Each is working the same side of the street by telling us how foolish mankind is by postponing the inevitable.
In fact, a little ol’ South Georgia country gal named Janisse Ray ought to toss her two cents into this extremely vital subject. She is the author of “Ecology of a Cracker Childhood.” In her book of growing up beside her father’s junkyard with only love and the bare necessities to sustain them, she tells of her growing love of the forests outside that junkyard and the vanishing of flora and fauna.
Krugman, a Nobel Prize winning columnist, faults U.S. and world leaders on the creeping disasters we face, namely the economy and climate change—the latter far more serious and yet regulated to the back burner, so to speak, turned down extremely low.
In a sense, frogs seem to have more intelligence than humans. As the water gradually heats, a frog will hop out. Despite all the scientific findings and warnings—melting icebergs and glaciers, the loss of endangered species, unusual weather patterns—a ho-hum attitude prevails among those who could make a difference.
“And right now,” says Krugman, “both the economic and the environmental frogs are sitting still while the water gets hotter.”
President Obama, for instance, seems willing to accept small victories here and there rather than go for broke and pound the bully pulpit and shout to the congregation: “By damn!
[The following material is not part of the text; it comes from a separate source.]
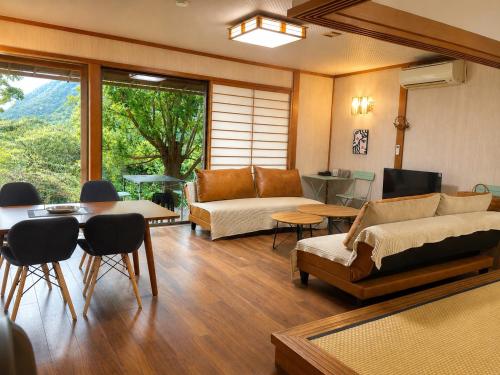 a living room with a couch and a table at 春まち in Ito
This is where I take my stand! You’re either with me or against me!”
If that sounds too much like George W. Bush, at least Obama would be on the side of the angels.
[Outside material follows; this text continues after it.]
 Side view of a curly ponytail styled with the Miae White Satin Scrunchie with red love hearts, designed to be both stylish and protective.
And why have the wild Soay sheep in the St. Kilda archipelago off the western coast of Scotland gotten 25 percent smaller over the past 25 years? Tim Coulson of Imperial College London says it’s not that evolution has been repealed, it’s just that smaller sheep are more able to survive in the gradually warmer weather. Also, the harsh winters have grown shorter and milder.
As far as the economy is concerned, most forecasters say signs point to a “jobless recovery” and will be as high, according to the Wall Street Journal, in 2010 as it is now.
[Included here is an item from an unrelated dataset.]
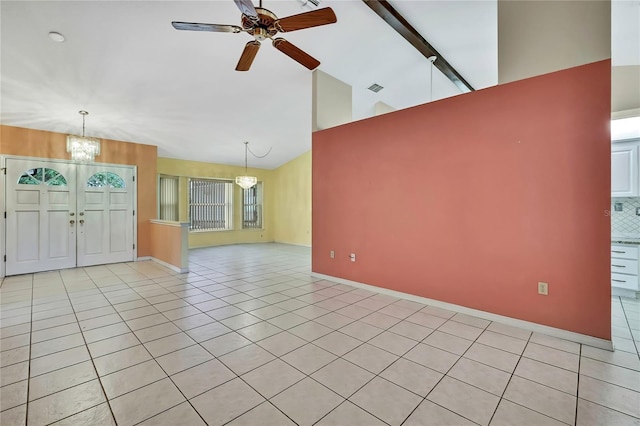 unfurnished living room with light tile patterned floors, visible vents, high vaulted ceiling, and ceiling fan with notable chandelier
That won’t cut the mustard. What’s needed, says Krugman is another stimulus package to kick start the first one which was too small to do the job.
But a faltering economy is nothing compared to getting action on climate change.
“Put it this way:” Krugman says, “if the consensus of the economic experts is grim, the consensus of the climate experts is utterly terrifying. … {it’s} utter catastrophe, a rise in temperatures that will totally disrupt life as we know it, if we continue along our present path. How to head off that catastrophe should be the dominant policy issue of our time.”
Its almost as though Krugman were echoing Janisse Ray who wrote ten years ago:
“In the midst of new uncertainties in the world, including global economics and a frenzy of technology, we look around and see that the landscape that defined us no longer exists or that its form is altered so dramatically we don’t recognize it as our own. Animals that adapted as we adapted to place dwindle and die out. The rivers that have been lifelines are polluted by radioactive waste. Where do we turn? To what then do we look for consolation and hope?”
Sad to say, if you’re out of work for weeks, months or even years, you can lose your homes, savings, cars, sometimes even hope. But if we lose a planet, that’s all she wrote, folks.